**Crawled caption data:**
-.-.-

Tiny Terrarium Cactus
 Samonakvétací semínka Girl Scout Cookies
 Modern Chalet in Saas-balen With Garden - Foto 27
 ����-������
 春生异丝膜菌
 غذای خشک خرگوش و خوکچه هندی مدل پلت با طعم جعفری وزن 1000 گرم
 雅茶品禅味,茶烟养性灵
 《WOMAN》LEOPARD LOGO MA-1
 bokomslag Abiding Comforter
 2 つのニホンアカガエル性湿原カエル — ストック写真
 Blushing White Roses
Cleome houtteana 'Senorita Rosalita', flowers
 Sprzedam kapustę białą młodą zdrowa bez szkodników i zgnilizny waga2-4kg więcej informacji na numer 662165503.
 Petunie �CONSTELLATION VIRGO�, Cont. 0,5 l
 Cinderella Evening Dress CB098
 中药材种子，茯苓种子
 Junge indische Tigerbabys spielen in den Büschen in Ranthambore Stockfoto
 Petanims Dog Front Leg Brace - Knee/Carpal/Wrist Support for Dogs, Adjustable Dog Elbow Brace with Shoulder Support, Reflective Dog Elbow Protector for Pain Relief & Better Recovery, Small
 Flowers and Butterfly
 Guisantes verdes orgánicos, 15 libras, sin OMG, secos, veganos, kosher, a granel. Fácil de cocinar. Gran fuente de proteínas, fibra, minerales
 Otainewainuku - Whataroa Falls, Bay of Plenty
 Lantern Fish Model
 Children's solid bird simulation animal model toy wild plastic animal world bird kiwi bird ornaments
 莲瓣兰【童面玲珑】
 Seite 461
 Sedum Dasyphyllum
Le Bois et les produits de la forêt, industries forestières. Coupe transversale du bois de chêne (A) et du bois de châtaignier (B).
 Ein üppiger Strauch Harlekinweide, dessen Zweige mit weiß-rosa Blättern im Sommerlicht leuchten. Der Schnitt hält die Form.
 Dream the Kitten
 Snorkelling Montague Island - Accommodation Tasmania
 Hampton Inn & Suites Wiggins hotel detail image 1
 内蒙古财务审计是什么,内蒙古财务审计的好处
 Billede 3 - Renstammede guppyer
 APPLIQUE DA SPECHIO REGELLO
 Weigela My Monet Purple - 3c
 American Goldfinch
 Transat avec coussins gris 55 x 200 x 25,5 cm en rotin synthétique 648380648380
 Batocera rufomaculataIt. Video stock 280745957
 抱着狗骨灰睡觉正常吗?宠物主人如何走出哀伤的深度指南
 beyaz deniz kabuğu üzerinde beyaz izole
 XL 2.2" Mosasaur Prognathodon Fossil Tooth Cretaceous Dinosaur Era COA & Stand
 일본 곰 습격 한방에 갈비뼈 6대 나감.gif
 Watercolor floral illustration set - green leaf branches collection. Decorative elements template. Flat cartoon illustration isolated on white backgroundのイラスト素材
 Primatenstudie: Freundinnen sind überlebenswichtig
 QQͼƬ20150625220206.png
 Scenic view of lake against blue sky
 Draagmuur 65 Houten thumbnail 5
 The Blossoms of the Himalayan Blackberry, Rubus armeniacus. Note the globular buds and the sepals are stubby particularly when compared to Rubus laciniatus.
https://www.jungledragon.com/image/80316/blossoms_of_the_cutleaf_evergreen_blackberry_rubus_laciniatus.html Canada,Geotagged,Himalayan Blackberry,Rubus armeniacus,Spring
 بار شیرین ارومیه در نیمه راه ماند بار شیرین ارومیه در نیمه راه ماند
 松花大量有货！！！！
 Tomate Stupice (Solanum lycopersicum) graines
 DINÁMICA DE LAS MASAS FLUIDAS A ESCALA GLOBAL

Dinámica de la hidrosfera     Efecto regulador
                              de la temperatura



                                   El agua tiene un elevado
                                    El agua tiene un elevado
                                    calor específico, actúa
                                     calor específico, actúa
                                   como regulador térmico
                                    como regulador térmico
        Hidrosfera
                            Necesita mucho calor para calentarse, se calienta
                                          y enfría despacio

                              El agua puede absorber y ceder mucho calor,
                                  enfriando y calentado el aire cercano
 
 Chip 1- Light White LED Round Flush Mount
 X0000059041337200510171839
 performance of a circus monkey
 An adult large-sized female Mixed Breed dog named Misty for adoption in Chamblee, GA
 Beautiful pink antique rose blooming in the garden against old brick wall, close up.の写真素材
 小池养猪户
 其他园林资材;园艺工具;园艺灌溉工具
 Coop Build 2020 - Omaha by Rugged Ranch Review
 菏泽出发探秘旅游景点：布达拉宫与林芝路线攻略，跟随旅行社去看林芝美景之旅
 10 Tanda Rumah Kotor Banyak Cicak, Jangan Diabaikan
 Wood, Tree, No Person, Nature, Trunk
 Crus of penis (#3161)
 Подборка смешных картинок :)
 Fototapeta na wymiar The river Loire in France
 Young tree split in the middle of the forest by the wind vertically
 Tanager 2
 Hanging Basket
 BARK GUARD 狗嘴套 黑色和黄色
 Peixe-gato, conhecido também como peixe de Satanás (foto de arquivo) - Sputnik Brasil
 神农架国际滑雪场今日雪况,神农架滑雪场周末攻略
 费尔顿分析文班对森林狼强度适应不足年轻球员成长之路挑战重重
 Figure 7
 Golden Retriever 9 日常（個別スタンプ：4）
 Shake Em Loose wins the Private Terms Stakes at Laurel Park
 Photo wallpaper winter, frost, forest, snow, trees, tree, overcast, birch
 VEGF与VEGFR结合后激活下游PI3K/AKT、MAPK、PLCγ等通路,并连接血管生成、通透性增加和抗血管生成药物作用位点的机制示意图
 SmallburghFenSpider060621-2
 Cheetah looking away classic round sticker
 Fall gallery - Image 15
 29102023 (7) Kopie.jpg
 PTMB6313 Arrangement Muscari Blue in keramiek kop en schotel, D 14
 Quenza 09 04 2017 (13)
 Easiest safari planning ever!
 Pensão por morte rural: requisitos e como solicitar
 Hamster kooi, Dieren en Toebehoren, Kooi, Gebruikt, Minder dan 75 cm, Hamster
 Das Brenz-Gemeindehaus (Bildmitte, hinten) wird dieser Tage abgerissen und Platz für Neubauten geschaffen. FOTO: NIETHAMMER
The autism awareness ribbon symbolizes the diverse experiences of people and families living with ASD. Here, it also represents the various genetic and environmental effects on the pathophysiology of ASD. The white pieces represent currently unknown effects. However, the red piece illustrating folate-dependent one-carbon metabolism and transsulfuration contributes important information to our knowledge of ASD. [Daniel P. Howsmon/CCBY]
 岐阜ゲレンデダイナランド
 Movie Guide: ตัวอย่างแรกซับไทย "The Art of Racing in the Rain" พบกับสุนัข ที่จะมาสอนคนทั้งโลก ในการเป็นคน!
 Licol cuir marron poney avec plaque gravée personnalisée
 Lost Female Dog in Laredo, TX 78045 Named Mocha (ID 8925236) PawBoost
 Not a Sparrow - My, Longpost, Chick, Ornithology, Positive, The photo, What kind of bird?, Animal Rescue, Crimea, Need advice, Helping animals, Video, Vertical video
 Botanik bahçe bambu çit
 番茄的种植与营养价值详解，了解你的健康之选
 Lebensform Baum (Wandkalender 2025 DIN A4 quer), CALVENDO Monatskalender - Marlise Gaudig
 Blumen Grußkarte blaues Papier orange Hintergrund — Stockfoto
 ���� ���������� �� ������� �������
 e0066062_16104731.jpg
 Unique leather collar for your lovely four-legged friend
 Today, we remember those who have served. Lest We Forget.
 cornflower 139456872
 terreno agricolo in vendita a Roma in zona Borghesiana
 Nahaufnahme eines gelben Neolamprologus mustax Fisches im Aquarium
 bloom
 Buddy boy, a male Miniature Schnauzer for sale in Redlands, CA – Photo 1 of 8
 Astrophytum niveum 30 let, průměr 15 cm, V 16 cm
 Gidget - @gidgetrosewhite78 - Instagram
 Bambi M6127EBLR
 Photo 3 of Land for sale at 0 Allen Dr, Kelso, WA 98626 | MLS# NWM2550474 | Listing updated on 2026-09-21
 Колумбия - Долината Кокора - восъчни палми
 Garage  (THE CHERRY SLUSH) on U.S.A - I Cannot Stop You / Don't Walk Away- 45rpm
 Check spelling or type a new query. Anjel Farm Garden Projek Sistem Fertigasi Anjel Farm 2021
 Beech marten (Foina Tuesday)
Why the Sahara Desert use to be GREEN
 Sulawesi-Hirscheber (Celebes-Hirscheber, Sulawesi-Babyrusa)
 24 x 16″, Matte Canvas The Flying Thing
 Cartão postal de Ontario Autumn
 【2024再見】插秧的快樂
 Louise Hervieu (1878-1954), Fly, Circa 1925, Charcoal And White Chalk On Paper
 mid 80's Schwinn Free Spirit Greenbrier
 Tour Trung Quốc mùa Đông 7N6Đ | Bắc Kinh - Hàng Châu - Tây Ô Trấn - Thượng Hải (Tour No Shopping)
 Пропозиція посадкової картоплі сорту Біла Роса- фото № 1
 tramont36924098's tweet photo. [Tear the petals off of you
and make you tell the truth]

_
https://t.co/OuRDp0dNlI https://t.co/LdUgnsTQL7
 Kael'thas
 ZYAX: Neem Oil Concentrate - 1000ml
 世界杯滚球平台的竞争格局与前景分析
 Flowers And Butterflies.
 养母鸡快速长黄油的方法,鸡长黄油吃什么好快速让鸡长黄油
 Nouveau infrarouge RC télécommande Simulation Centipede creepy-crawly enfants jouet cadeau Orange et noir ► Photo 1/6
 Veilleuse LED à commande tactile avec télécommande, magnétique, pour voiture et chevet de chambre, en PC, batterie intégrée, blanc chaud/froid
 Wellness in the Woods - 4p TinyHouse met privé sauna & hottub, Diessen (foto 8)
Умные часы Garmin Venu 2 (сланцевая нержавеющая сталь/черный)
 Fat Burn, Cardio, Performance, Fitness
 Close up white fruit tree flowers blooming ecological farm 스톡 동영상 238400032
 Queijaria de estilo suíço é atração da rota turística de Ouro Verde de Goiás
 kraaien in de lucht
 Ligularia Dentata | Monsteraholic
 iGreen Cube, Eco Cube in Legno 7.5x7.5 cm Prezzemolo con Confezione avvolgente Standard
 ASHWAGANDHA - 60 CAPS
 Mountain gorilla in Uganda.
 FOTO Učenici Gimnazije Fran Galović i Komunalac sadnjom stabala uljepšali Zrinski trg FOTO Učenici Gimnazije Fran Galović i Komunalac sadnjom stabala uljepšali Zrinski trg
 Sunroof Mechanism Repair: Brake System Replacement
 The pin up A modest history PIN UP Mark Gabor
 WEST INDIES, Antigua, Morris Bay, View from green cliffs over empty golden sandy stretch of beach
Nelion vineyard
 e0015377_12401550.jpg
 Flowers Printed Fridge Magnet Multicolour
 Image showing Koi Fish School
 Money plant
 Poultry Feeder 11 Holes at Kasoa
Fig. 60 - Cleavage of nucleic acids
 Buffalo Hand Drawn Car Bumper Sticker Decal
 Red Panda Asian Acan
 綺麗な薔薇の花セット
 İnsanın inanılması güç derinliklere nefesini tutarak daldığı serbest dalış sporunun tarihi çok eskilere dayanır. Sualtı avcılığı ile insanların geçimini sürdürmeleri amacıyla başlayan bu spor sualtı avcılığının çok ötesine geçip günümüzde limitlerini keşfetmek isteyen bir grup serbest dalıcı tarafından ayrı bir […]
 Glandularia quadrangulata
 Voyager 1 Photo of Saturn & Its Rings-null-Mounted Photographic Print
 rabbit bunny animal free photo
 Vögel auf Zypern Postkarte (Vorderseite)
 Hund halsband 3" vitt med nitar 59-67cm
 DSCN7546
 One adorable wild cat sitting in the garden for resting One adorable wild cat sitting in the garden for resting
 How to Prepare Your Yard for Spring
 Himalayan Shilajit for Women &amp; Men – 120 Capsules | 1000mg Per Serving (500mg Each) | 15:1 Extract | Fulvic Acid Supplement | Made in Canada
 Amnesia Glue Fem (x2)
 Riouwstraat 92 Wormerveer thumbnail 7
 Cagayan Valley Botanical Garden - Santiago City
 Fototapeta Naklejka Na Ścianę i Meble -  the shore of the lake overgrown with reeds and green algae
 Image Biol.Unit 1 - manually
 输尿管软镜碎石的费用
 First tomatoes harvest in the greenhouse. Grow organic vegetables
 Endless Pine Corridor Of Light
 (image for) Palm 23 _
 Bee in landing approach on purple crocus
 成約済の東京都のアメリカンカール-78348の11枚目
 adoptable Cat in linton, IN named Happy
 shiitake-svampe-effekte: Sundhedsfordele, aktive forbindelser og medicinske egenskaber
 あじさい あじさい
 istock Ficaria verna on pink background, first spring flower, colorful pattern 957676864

-.-.-

**Requirement:**
A word-for-word copy of the lines above from the one with "Подборка смешных картинок :)" through the one with "Movie Guide: ตัวอย่างแรกซับไทย", inclusive, is the only output wanted.

**Answer to this task:**
 Подборка смешных картинок :)
 Fototapeta na wymiar The river Loire in France
 Young tree split in the middle of the forest by the wind vertically
 Tanager 2
 Hanging Basket
 BARK GUARD 狗嘴套 黑色和黄色
 Peixe-gato, conhecido também como peixe de Satanás (foto de arquivo) - Sputnik Brasil
 神农架国际滑雪场今日雪况,神农架滑雪场周末攻略
 费尔顿分析文班对森林狼强度适应不足年轻球员成长之路挑战重重
 Figure 7
 Golden Retriever 9 日常（個別スタンプ：4）
 Shake Em Loose wins the Private Terms Stakes at Laurel Park
 Photo wallpaper winter, frost, forest, snow, trees, tree, overcast, birch
 VEGF与VEGFR结合后激活下游PI3K/AKT、MAPK、PLCγ等通路,并连接血管生成、通透性增加和抗血管生成药物作用位点的机制示意图
 SmallburghFenSpider060621-2
 Cheetah looking away classic round sticker
 Fall gallery - Image 15
 29102023 (7) Kopie.jpg
 PTMB6313 Arrangement Muscari Blue in keramiek kop en schotel, D 14
 Quenza 09 04 2017 (13)
 Easiest safari planning ever!
 Pensão por morte rural: requisitos e como solicitar
 Hamster kooi, Dieren en Toebehoren, Kooi, Gebruikt, Minder dan 75 cm, Hamster
 Das Brenz-Gemeindehaus (Bildmitte, hinten) wird dieser Tage abgerissen und Platz für Neubauten geschaffen. FOTO: NIETHAMMER
The autism awareness ribbon symbolizes the diverse experiences of people and families living with ASD. Here, it also represents the various genetic and environmental effects on the pathophysiology of ASD. The white pieces represent currently unknown effects. However, the red piece illustrating folate-dependent one-carbon metabolism and transsulfuration contributes important information to our knowledge of ASD. [Daniel P. Howsmon/CCBY]
 岐阜ゲレンデダイナランド
 Movie Guide: ตัวอย่างแรกซับไทย "The Art of Racing in the Rain" พบกับสุนัข ที่จะมาสอนคนทั้งโลก ในการเป็นคน!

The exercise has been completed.